华月郡主不解:“那阿婉怎么又去罚跪了?”
姜姨娘:“我本以为阿婉回来了,此事就算过去了。可等我喝了药之后,夫人又差人将阿婉喊走了,说是有话要问。之后一直没回,我撑着起来过去看,才得知阿婉因为顶撞了夫人,被罚去跪了祠堂。我求情无用,便在祠堂外陪着,没想这副身子实在是不争气,竟又晕倒了。”
华月郡主听得咬牙切齿:“当真恶毒。”
姜姨娘接着说:“我今早才醒来,见阿婉还是没回,觉得这样下去不行。民妇知道,只有郡主在乎阿婉,也只有郡主才能救阿婉,这才斗胆让身边丫鬟偷偷寻了机会出去给郡主送信。”

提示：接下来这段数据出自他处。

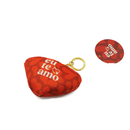 Chaveiro Coração Namorados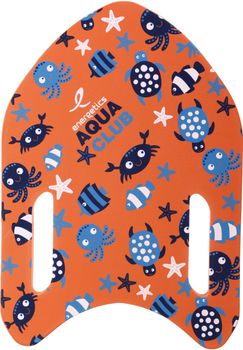 Доска для плавания ENERGETICS KIDS Kickboard детские - 2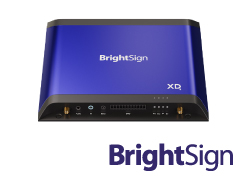 BrightSign XD5シリーズ（2023年上半期発売予定）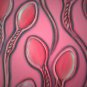Sperms (pink)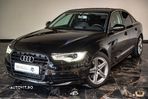 Audi A6 2.0 TDI DPF multitronic - 17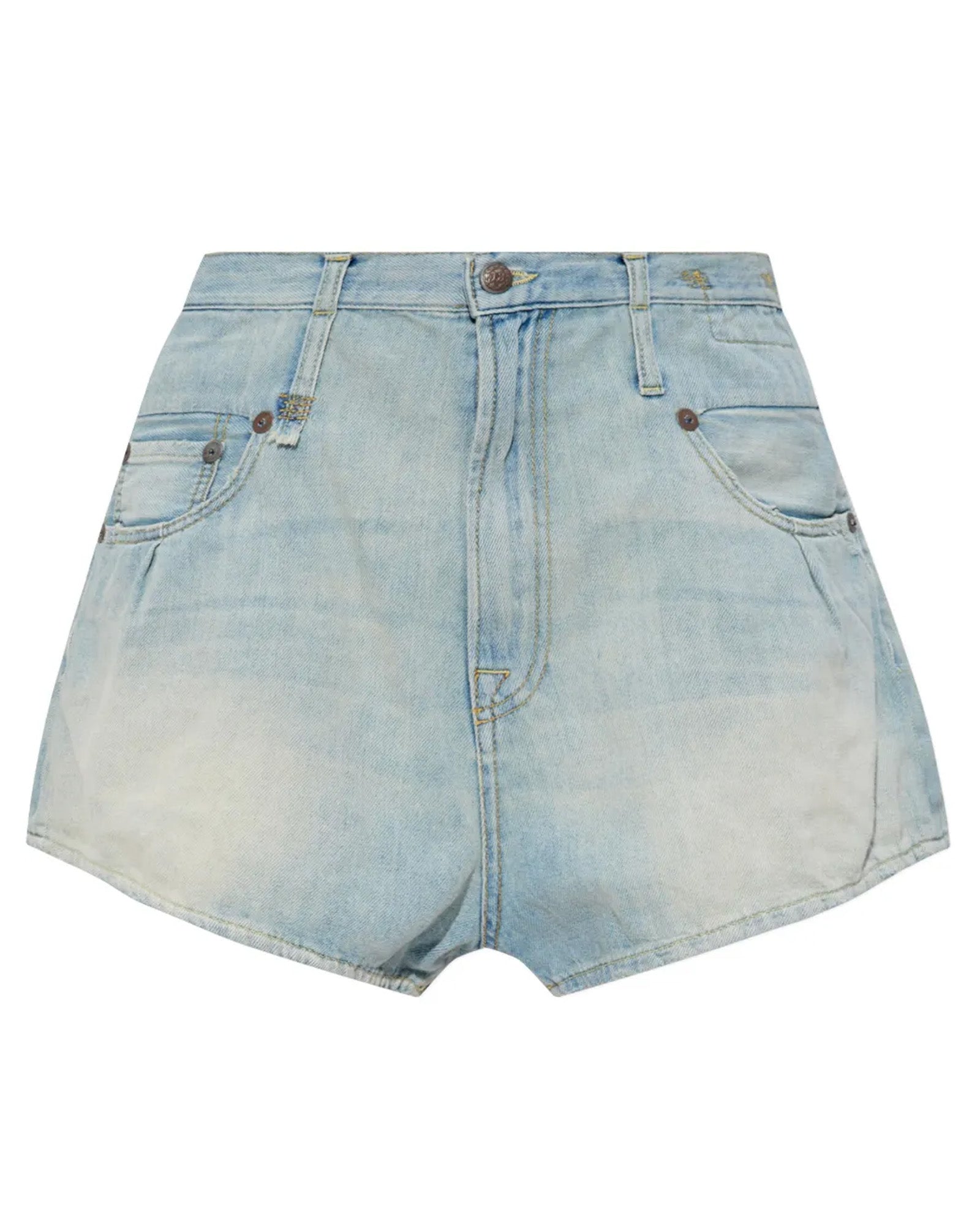 Double-Loop Venti Shorts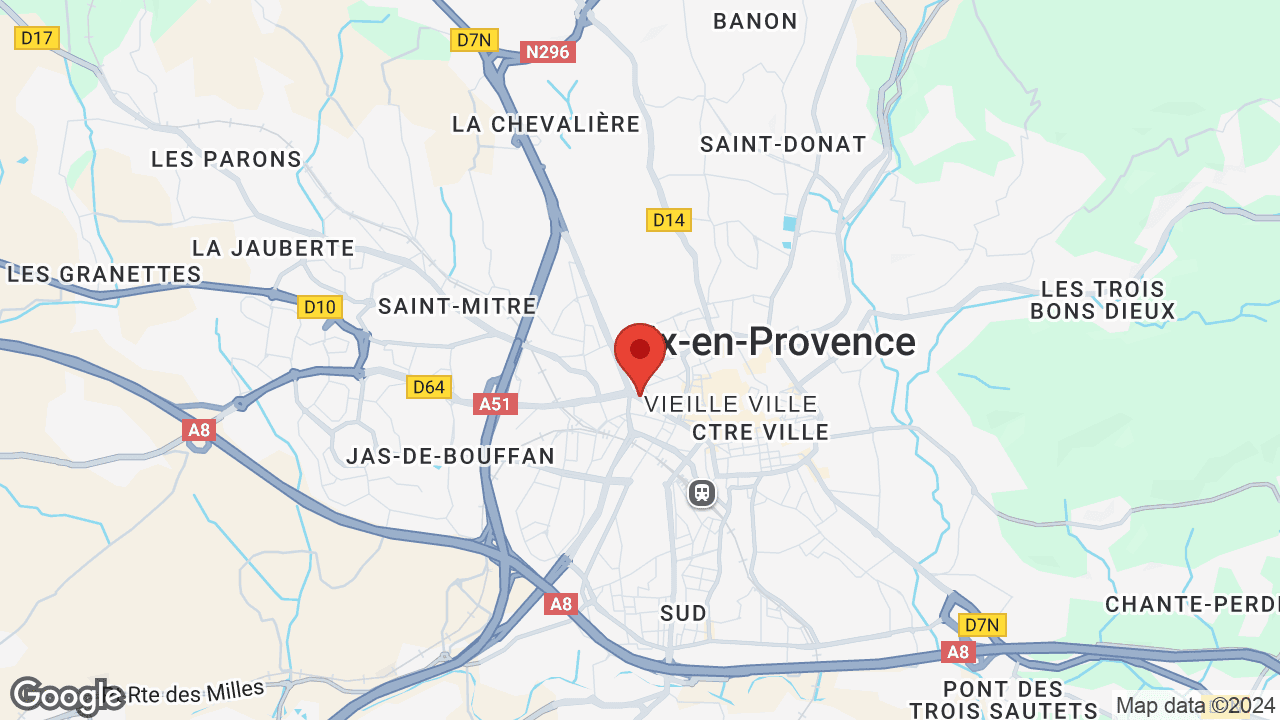 Google map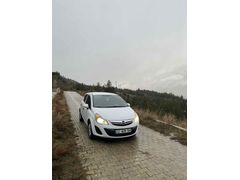 Sahibinden Opel Corsa 1.3 CDTI Essentia 2013 Model 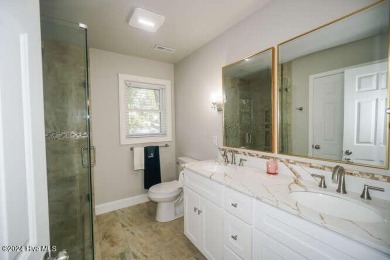UNBELIEVABLE PRICE PER total Heated SQ. FOOT (Total 2125 ft on Founders Club At St. James Plantation in North Carolina - for sale on GolfHomes.com, golf home, golf lot
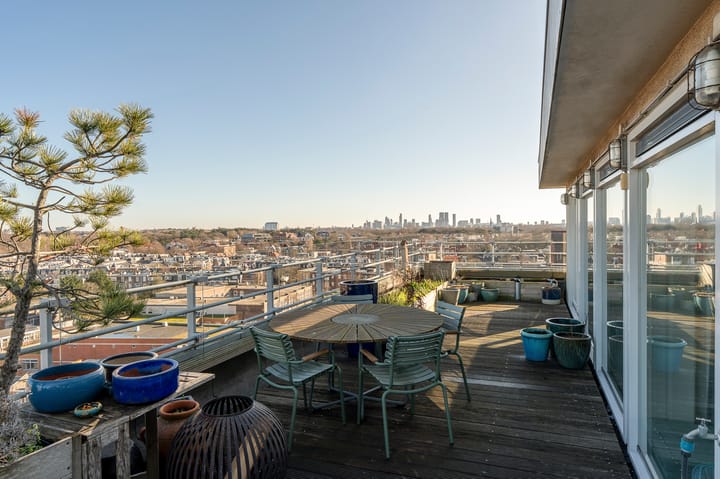 Foto 2 van Scheveningseweg 371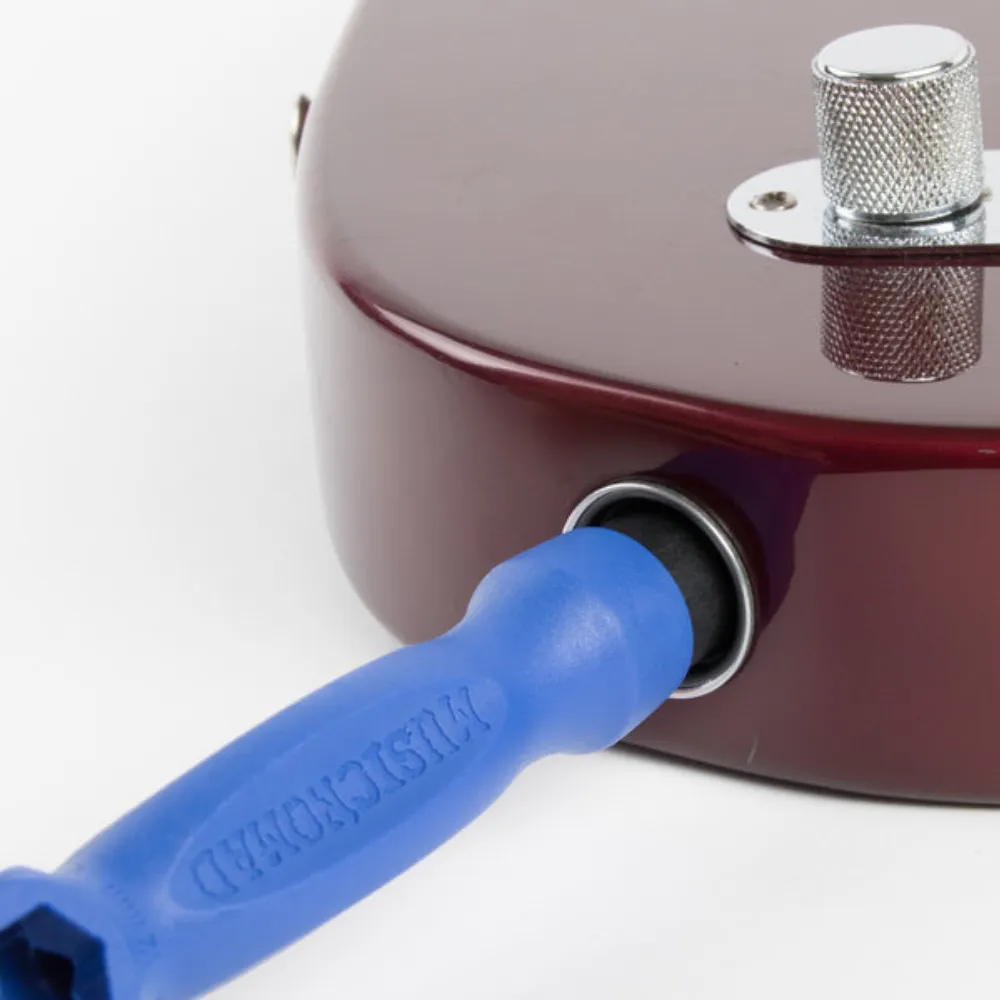 Tightens Fender tele cup jack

华月郡主听得下颚紧绷:“那为何不让丫鬟直说,万一我以为阿婉没事,今日又进宫去了,岂不白白耽搁一日?”
姜姨娘:“民妇昨晚就和阿婉说,要不把这事告诉郡主,让郡主去夫人面前说项,可阿婉怕给郡主惹麻烦,说熬一熬就过去了,死活不让。”
“虽说如今夫人看在郡主的面子上,轻易不会对阿婉如何,可她还那么小,再跪下去,腿怕是要伤着了,民妇没有别的办法,这才不顾阿婉阻拦,遣人去公主府打了声招呼,可还是怕回头阿婉知道,再同我生气,所以也没敢直说。”
华月郡主听明白了,姜姨娘想向她求助,可又有所顾虑,这才让个丫鬟去含混地说了一声。
念及姜姨娘丫鬟的出身和在薛家的地位,能做出这样的决定已经不容易了,华月郡主在心底叹了口气:“姜姨娘做得对,往后事关阿婉,不管阿婉怎么说,但凡你觉得不妥,就差人来知会我。”
姜姨娘感激得直落泪:“多谢郡主,民妇记得了。”
华月郡主弄清楚缘由,不再耽搁,转身出门,带着飞雪和青霜直奔薛家祠堂。薛颂带着护卫们紧跟其后。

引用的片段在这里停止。